I've just had a baby! What are the first steps to physical recovery?

July 18, 2014

What are the first steps towards physical recovery after I've had my baby?


When should I start pelvic floor exercises again?


How do I start losing my baby jellybelly?

These are common thoughts/questions for women thinking about how to get their pre-baby bodies back. So here are some of my tips towards recovery in that first week after having your baby.

1. Immediately: cuddle your baby and enjoy all those precious newborn moments, smells, cuddles etc. Pop the cork on a bottle of bubbly and toast how amazing you are - just don't drink too much/choose a low alcohol version esp. if you are breastfeeding. Alcohol is not recommended to help with soft tissue healing, so just a tipple! Rest and relax - labour/c-section are big events, now is the time for rest ... it is likely you will either have too many visitors, will be way too excited to be able to sleep, or will need to attend to your bub so try and at least lie down.

2. Treat your body like it has had an injury...it has: The RICE regime (rest, ice, compression, elevation) is just as applicable in the first 24 - 72hrs post birth as it is for sporting injuries.

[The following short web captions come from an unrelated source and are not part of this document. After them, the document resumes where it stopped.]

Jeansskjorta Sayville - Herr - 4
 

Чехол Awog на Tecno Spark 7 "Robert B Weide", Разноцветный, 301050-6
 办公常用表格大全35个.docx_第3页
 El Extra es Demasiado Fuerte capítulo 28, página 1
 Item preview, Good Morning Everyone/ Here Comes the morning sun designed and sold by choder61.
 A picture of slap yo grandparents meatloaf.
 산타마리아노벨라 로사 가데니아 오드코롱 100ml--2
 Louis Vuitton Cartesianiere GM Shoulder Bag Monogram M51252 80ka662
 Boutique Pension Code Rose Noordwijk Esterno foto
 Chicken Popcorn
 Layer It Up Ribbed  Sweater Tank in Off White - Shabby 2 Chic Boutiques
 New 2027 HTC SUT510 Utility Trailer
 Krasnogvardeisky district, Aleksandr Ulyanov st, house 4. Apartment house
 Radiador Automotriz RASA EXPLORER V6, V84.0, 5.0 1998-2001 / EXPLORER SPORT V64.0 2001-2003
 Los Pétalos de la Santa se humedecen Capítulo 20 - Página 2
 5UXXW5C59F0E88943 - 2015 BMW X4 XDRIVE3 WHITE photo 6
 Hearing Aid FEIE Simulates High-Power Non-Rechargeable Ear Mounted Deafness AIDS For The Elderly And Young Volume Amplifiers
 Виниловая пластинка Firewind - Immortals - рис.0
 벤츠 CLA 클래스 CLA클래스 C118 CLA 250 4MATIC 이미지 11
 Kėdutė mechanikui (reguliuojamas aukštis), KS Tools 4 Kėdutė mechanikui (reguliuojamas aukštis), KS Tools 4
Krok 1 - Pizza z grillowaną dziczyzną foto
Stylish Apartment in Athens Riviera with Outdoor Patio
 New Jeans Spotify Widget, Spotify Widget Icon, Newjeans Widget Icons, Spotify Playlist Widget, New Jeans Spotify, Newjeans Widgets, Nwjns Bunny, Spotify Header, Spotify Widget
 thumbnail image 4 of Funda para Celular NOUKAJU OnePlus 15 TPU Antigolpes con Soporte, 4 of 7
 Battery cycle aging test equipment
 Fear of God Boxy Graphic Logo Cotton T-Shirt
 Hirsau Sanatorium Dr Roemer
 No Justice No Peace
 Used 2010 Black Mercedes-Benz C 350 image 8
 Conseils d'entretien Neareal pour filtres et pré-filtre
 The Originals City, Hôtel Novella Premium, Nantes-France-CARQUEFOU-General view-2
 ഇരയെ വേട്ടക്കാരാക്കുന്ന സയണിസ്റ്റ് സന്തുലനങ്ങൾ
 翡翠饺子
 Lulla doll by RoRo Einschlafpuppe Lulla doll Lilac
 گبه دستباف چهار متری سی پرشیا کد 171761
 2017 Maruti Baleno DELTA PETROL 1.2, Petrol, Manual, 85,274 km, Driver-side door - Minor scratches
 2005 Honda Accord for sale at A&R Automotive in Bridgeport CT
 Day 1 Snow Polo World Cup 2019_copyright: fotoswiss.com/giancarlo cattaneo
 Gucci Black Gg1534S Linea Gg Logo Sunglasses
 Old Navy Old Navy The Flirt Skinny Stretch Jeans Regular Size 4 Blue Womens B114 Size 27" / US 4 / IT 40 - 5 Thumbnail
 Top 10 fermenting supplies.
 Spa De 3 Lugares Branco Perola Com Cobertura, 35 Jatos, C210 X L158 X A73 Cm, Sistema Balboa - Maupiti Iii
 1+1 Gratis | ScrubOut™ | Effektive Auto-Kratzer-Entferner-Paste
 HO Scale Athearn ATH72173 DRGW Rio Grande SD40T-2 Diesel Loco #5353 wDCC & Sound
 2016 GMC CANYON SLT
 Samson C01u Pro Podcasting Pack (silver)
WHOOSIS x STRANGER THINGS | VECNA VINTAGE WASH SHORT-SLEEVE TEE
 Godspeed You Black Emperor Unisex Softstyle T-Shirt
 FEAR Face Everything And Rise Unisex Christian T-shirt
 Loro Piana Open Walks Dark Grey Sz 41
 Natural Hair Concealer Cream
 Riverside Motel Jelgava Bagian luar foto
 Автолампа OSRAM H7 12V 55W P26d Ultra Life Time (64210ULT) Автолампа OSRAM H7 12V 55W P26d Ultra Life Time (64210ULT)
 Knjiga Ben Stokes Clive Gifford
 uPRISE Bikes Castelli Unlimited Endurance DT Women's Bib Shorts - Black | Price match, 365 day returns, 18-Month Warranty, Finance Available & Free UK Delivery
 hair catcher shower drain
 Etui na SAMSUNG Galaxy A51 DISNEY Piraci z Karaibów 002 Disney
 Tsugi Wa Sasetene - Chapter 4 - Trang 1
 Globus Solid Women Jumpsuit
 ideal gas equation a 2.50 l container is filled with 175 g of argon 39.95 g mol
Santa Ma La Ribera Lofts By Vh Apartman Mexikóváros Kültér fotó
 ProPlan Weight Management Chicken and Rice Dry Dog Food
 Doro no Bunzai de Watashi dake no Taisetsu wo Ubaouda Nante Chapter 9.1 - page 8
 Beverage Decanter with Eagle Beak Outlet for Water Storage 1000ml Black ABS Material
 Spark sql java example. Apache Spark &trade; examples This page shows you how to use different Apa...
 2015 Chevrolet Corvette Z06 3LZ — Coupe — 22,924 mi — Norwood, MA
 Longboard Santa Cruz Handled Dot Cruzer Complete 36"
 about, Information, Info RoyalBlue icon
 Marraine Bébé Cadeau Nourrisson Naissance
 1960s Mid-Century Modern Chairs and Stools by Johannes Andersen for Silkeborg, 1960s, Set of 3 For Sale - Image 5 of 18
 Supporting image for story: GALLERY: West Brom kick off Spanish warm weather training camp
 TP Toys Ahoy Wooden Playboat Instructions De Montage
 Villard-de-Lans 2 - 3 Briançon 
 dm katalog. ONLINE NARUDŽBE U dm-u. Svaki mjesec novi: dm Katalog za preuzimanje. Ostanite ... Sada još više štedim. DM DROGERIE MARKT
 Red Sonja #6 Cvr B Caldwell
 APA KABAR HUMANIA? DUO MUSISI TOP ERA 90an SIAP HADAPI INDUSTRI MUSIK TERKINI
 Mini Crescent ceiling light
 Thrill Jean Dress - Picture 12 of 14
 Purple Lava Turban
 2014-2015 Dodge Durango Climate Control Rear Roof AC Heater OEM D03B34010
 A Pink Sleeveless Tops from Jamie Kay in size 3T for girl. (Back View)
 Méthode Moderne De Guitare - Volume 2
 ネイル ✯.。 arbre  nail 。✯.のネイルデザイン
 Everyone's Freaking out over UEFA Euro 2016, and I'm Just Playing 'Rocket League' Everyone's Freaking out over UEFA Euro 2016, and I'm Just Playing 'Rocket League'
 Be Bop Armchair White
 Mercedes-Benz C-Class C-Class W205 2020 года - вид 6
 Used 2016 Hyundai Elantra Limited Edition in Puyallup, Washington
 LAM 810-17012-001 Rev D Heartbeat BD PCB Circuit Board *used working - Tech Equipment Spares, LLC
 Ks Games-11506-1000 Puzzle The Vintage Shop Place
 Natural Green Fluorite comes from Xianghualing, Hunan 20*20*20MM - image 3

Rest by getting periods lying down at regular intervals.


Ice can be applied to your nether regions (just ask your midwife) - this can be done for 10 - 20mins every couple of hours.


Compression can be applied by wearing supporting undergarments. There is now a growing range of postnatal support/compression shorts available.


Elevation may seem like an interesting one, but horizontal positions take the pressure off the tummy and pelvic floor. Lying on your tummy (normal delivery) can be a nice postion for this too.  Aim for a (combined) total of at least 2hrs horizontal during the daylight hours for the first 6 weeks.

3. Pelvic floor exercises: take a break from formal exercises for 24-48hrs after you've given birth. However, do try and engage your pelvic floor during functional tasks during this time. So if you need to cough, sneeze, lift your baby etc., try and turn the pelvic floor on before you do the task. After that, try and do some pelvic floor exercises 3 times/day. It will feel different and it is likely that you won't feel as strong, so you might need to adjust how much you do. See how long you can lift and hold for (i.e. 3, 4, 5...secs) and aim to do between 3 - 8 good ones. You can gradually increase the number you do and how long you hold for.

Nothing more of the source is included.